Su mirada pasó de la confusión a la vergüenza, luego a la nostalgia, después a la lucha interna, y finalmente a la sumisión absoluta.
“A-a-amo…”.
“¡Jajajaja!”, se rió Zhou Ye.
“Qué obediente eres, Hera.
Ven, limpia un poco a tu amo”.
Con un movimiento de cadera, le indicó lo que debía hacer.
Hera le lanzó una mirada entre dulce y reprochable, pero, haciendo un esfuerzo por levantar su cuerpo adolorido, se incorporó y, sumisa, bajó la cabeza para saborear su propio aroma en el cuerpo de Zhou Ye.
Una hora después…
Cuando Atenea regresó al Panteón con las otras diosas capturadas, se encontró con esta escena.
Zhou Ye ocupaba el trono más alto, el que alguna vez fue de Zeus, con una Hera completamente dócil en su regazo.
Esta, con dedos delicados como jade, le daba de comer trozos de manzana a Zhou Ye.
Al mirar con atención, Atenea notó que las cáscaras de manzana esparcidas por el suelo brillaban con un tono dorado.
“¿Son manzanas doradas?”.
Atenea no podía creer que Hera hubiera sido tan generosa como para ofrecerle semejante tesoro a Zhou Ye.
“Hera, por fin te has vuelto generosa”.
“Por mi gran amo, estoy dispuesta a sacrificarlo todo”, declaró Hera sin dudar.
“¡Hum!
No solo tú.
Yo también daría todo por nuestro gran amo”, replicó Atenea, sentándose en la otra pierna de Zhou Ye para competir por su atención.
“Basta, tranquilas…”.
Zhou Ye les dio una palmada a cada una en las nalgas y, mirando a las diosas que Atenea había traído, comentó: “Atenea, ¿este es el fruto de tu esfuerzo?”.
“Sí, amo”, respondió Atenea, orgullosa.
“Te presento a Deméter (diosa de la agricultura), Hestia (diosa del hogar), Artemisa (diosa de la caza) y Afrodita (diosa del amor y la belleza)”.
“Mmm, muy bien”, asintió Zhou Ye, satisfecho al ver a las cuatro diosas, cada una con su propio encanto, inconscientes gracias a un hechizo de Atenea.

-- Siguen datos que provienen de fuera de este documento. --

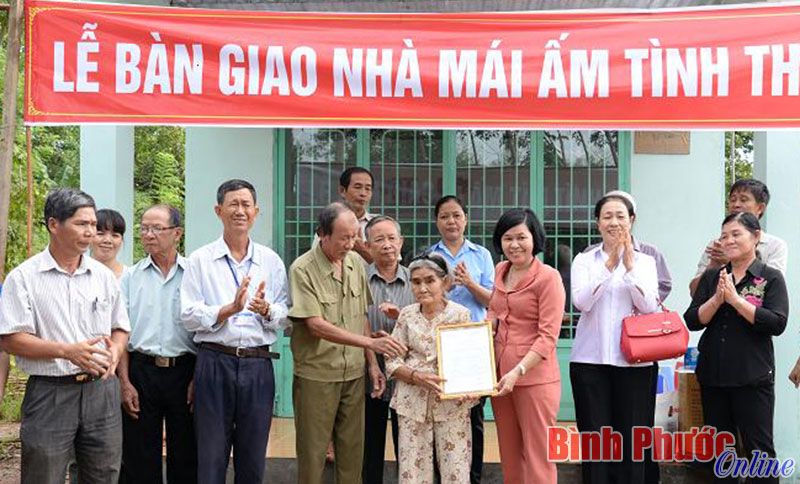 Bình Long: Bàn giao 2 căn nhà tình thương Bình Long: Bàn giao 2 căn nhà tình thương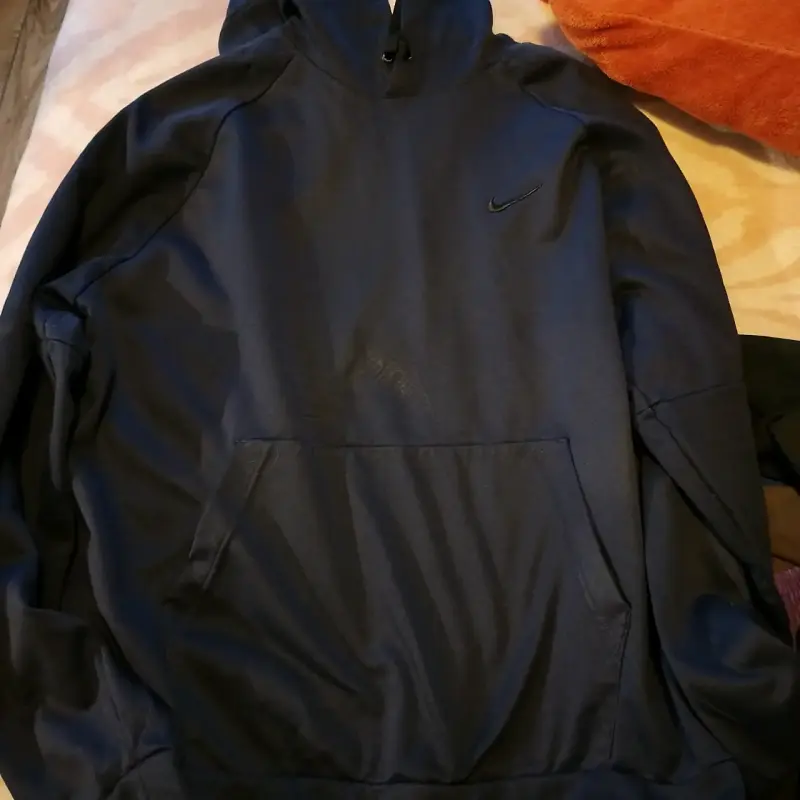 Polerón negro con capucha - 1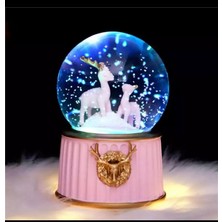 Geyik Temalı Işıklı Müzikli Püskürtmeli Büyük Boy Kar Küresi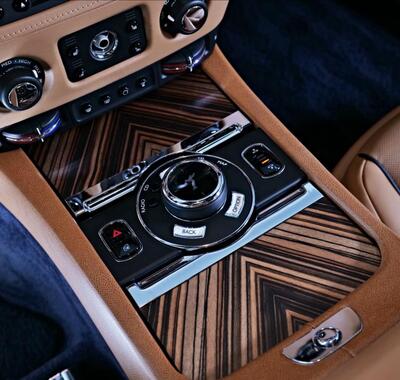 Rolls-Royce Wraith 26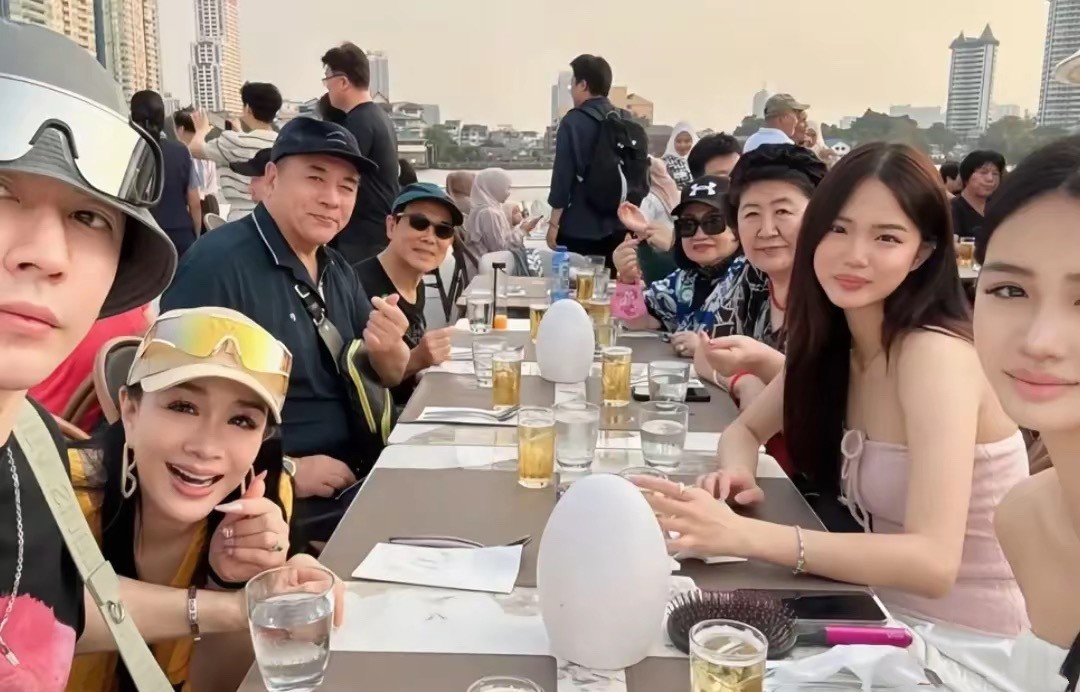 钟丽缇一家8口出国度假，二女儿枕后爸肩膀拍照，婆婆和妈很亲密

“Lo has hecho muy bien, Atenea”.
“Bah, si el amo me hubiera encontrado antes, yo también podría haberlo logrado”, se quejó Hera, celosa.
“¡Paf!”.
La respuesta de Zhou Ye fue otra palmada en las nalgas.
La legendaria diosa de los celos no decepcionaba.
“En mi presencia, pueden competir por mi atención y tener celos, pero jamás, jamás lastimar a mis mujeres, vuestras hermanas.
¿Entendido?”.
Al ver los ojos de Zhou Ye brillar con un fulgor dorado, Hera supo que había tocado un límite sagrado, una línea que nunca debía cruzar.
“Sí, Hera ha entendido su error, amo”, se disculpó, sumisa.
Después de todo, era su esclava sexual, ¿cómo se atrevería a rebelarse?
Así, el Monte Olimpo cayó completamente bajo el control de Zhou Ye.
Pero el hombre no se conformó con poseer a las diosas; también se llevó consigo la montaña sagrada.
Por supuesto, no olvidó buscar a las Moiras, las diosas del destino.
Para su sorpresa, cuando las tres se fusionaron en una sola, la verdadera Moira, su apariencia cambió por completo, convirtiéndose en una mujer madura y dulce, además de virgen…
Un inesperado y agradable descubrimiento.
Con todos sus objetivos en este mundo cumplidos, y las diosas griegas como un premio adicional, Zhou Ye no tuvo reparos en llevárselas todas.
No sentía ningún apego por esta era, que apenas rozaba los albores de la primera revolución industrial.